One may disagree with some of his conclusions about specific results in specific wars, but he is quite convincing in the whole. The main caution he advises for great nations and states, including the US, is that we must not fall into the trap of meeting terror with terror. If we do that, he argues, we will end up fueling and energizing those forces we are trying to defeat. He does not make this as a moral argument, although there are clear moral issues at stake and he does mention them. His entire argument against "total war" and the targeting of civilians is that it simply does not work. It feeds a cycle of hate and resentment that fester long after any specific, limited goals are achieved, and, more often than not, gives rise to terrorism that impact the civilian population of the countries that began the cycle.

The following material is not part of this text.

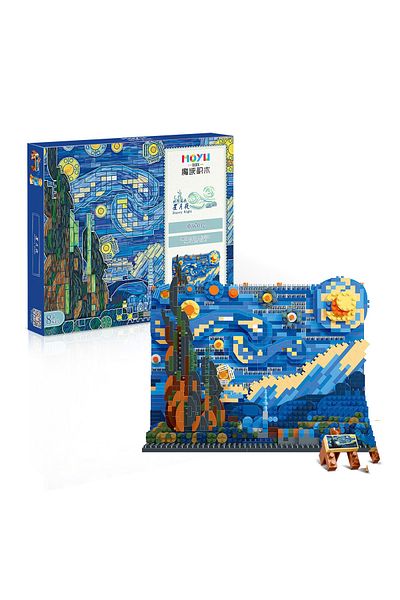 Bibilock A With Box Creative Art Van Gogh Paintings The Starry Night Moc The Great Wave Of Kanagawa Micro Bui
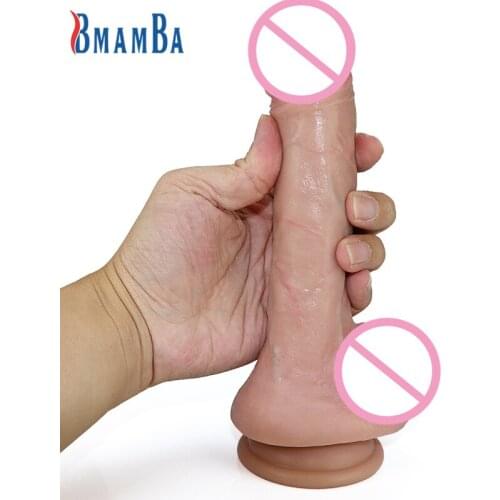 Light Colors Realistic Penis Soft Sexy Huge Dildo Female Masturbator Double-layer Silicone Suction Cup Dildos for Women Big Dick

He makes a good case. And his recommendation is that modern war against terror must be military, must be swift and deadly, and must not, under any circumstances, be seen as targeting anything but legitimate military targets. This might not give us the same sense of vengeful satisfaction that comes with indiscriminate bombings, but it will be, he believes, more successful in both the short and long term.
An interesting "airport read." What I found most compelling, though, was how it fits in with my belief that mercy, as preached and practiced by Christ, is the only truly effective, long-term method for dealing with contention and stress between individuals, groups and nations. Whether or not you believe, as Christians are taught, that mercy is a moral obligation, Carr's thesis supports the contention that I've been making for years, that "eye for an eye" justice, "meet terror with terror," and "the ends justify the means" aren't just morally questionable, but are ineffective as methods of driving long-term, beneficial change.

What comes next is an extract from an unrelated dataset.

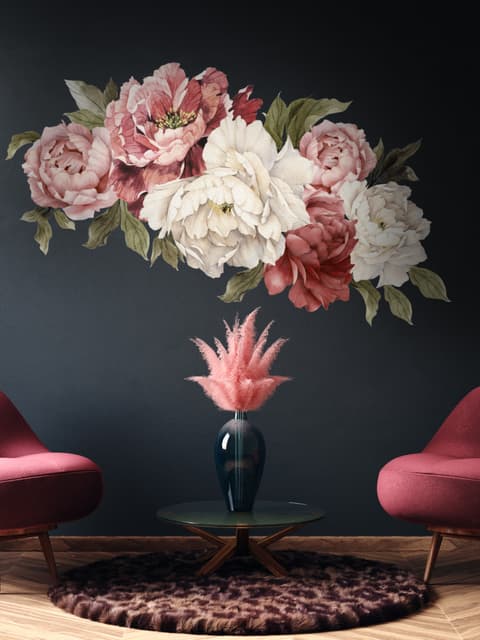 Soft Red Peony Floral Wall Decal Sticker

Carr even gives examples of how political "mercy" has been shown to be an extremely effective method of dealing with various conflicts. The overly punitive dictates of the Treaty of Versailles, for example, stand in marked contrast to the effectiveness of the Marshall Plan after WW2. While the latter managed to turn our two key Axis enemies, Germany and Japan, into two thriving, economic allies, the former merely laid the groundwork for the 2nd World War. The Allies were able to see that long-term world peace, economic stability and political survival were better served by helping former enemies rather than subjugating them.
Sounds a bunch like Christ's dictate that we "pray for our enemies." I'm also reminded of the Beatitudes, which, coincidentally, are in my scripture reading for today. Specifically, "the meek shall inherit the earth." Never made much sense to me. My observation is that the meek often get the smack-down. But, if as Carr asserts, persecuting the meek is a faulty and self-defeating military policy, perhaps the nation that best manages to exemplify mercy towards its enemies (both internal and external) will have the greatest success.
I believe that the US has often demonstrated just that sort of political strength, and has benefited from it. The early growth of our nation and our history of (relative) acceptance of "all kinds of people" made us a place where free-thinkers and iconoclasts from all over the world wanted to be. Taking in the "wretched refuse" from the rest of the world is one of our greatest achievements and has propelled our growth and economic success for almost 200 years. It is a policy that may have been promoted for pragmatic reasons, but is clearly a "merciful" tactic, when compared to the "if you don't like it, starve or leave" stand that many European nations have taken over the centuries.
"Blessed are the peacemakers... Blessed are the merciful, for they shall obtain mercy... "
The older I get, the more this sounds like good political policy, both domestic and foreign. I wonder what kind of success we could achieve if we spent more time planting and harvesting mercy and less promoting "shock and awe."